Thanks for the pic, you are quite correct.  If an extended gear drives the drawbar, then you will need to make or buy one.


----------



## MrWhoopee (Aug 12, 2018)

SCLead said:


> If you get bored enough, could you possibly tell me the bolt size and pitch that holds your collet closer onto the machine? It seems to be 3/8, but I only have a 16tpi bolt, and it doesn't want to thread in. I'm not sure if this is grimy threads, or wrong pitch.
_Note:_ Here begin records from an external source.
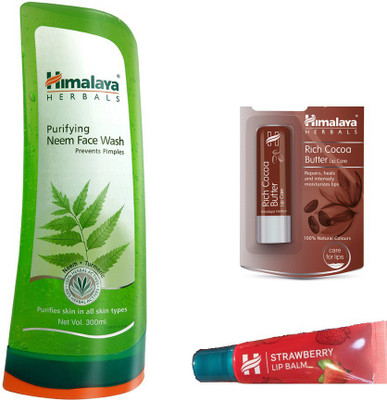 

Himalaya Purifying Neem Face Wash, Rich Cocoa Butter Lip Care, Strawberry Lip Balm(Set of 3)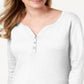 Karen Scott Women's Cotton Henley Top White Size M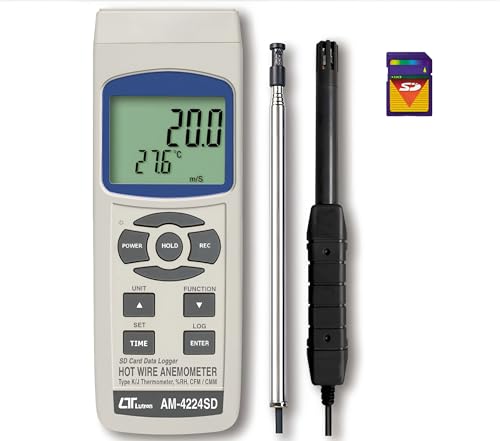 i-POOK HOT WIRE ANEMOMETER AM-4224SD air velocity, air flow, humidity, dew point, and temperature measurement Equipped with RS232/USB with Real-Time Data Logging made in Taiwan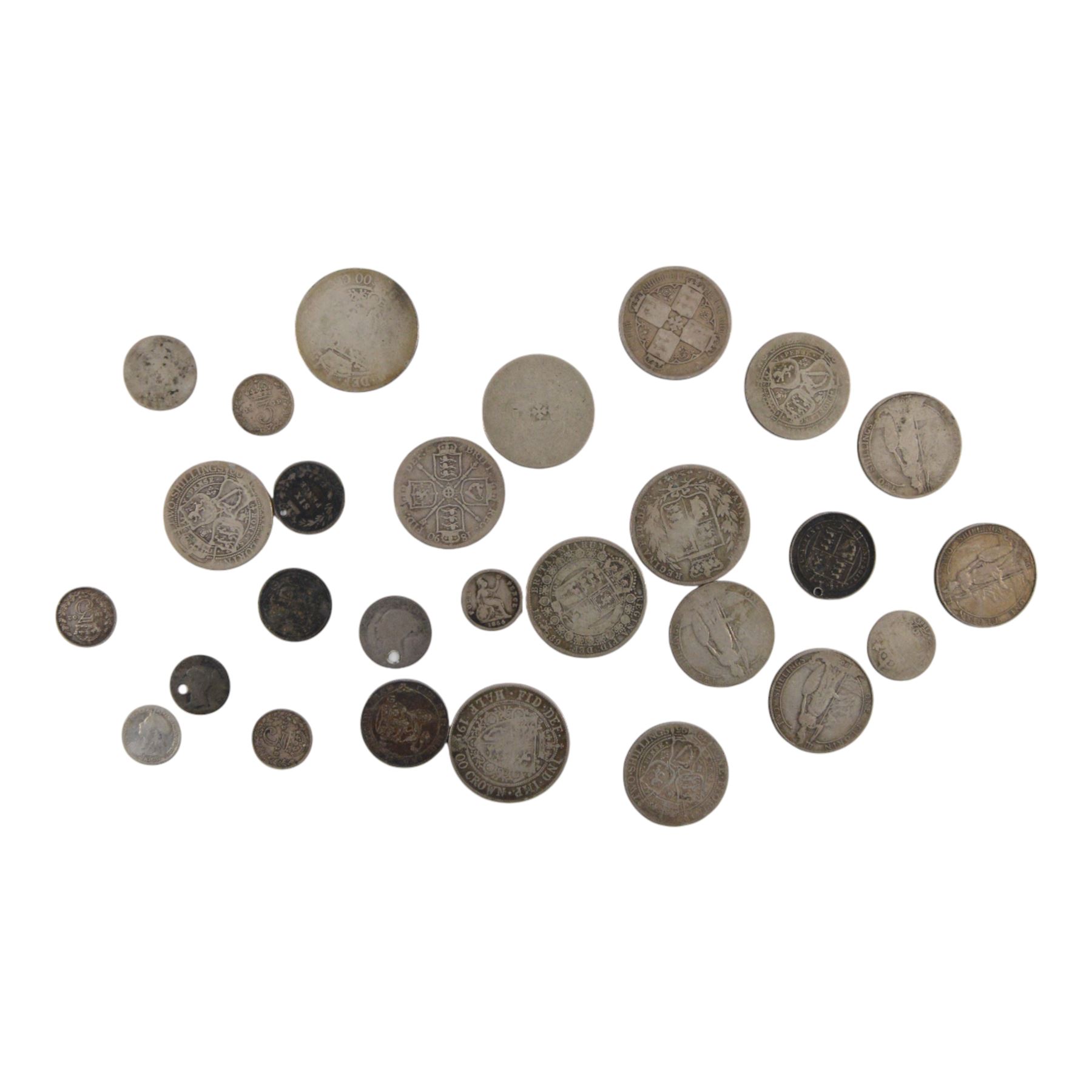 Approximately 193 grams of Great British pre-1920 silver coins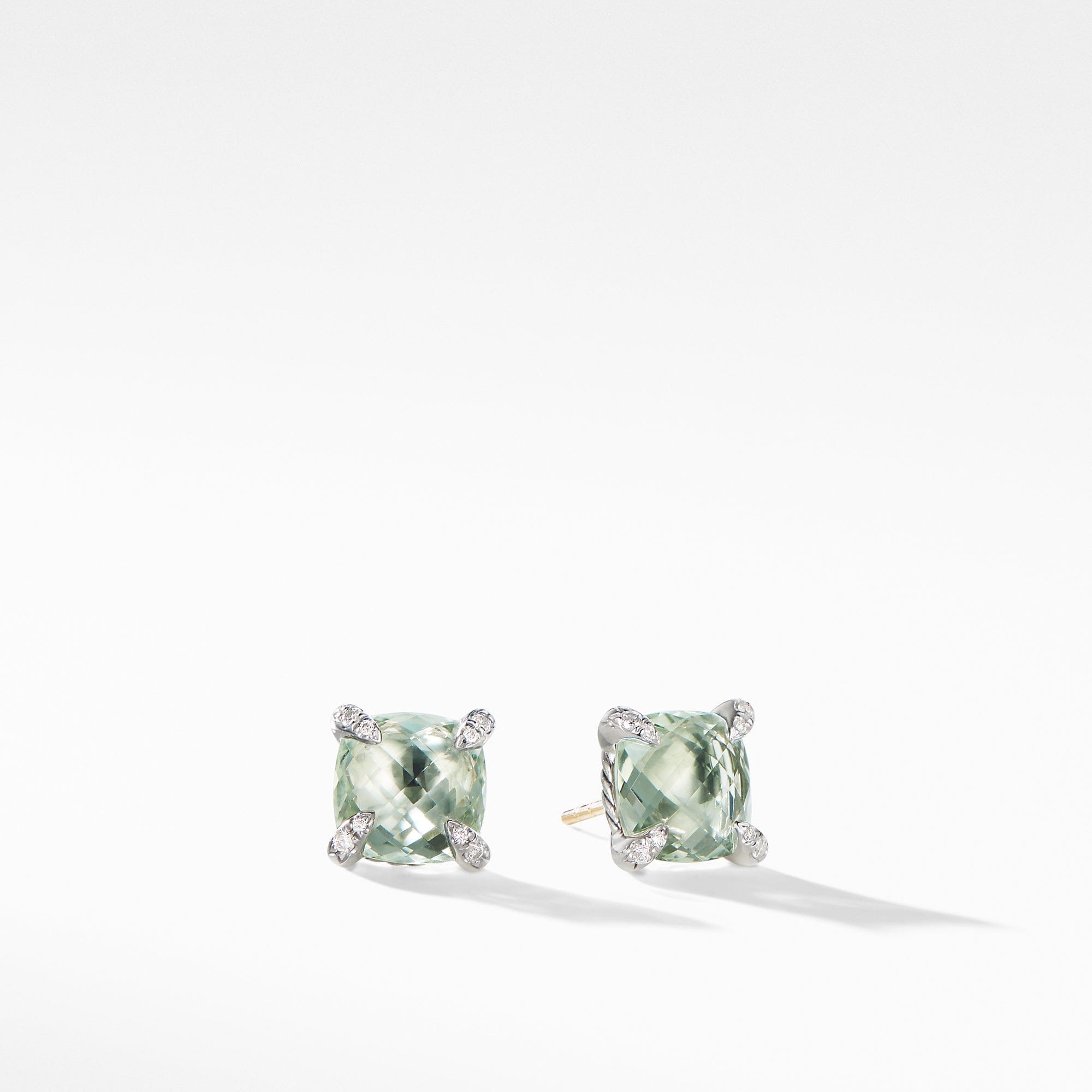 David Yurman Chatelaine Earrings with Praisolite and Diamonds - E12834DSSAPLDI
The thread chasing dial uses a 5/16-18 HHCS

The collet closer arm is mounted on a 3/8-16 thread on a 7/16 diameter headless stud which has a screwdriver slot in the end. It's similar to a shoulder bolt with the head cut off. It was apparently intended that the arm could just be slipped off the stud. My forward/reverse switch is mounted above this and is too close to allow the arm to slip off.


----------



## SCLead (Aug 12, 2018)

MrWhoopee said:


> The thread chasing dial uses a 5/16-18 HHCS
> 
> The collet closer arm is mounted on a 3/8-16 thread on a 7/16 diameter headless stud which has a screwdriver slot in the end. It's similar to a shoulder bolt with the head cut off. It was apparently intended that the arm could just be slipped off the stud. My forward/reverse switch is mounted above this and is too close to allow the arm to slip off.



You're my hero right now! With a bit of tender loving care cleaning the threads up, I was able to get 3/8 and 5/16 bolts into each. You're not too far away, if we ever cross paths, I definitely owe you a beverage of your choosing. Thank you!


----------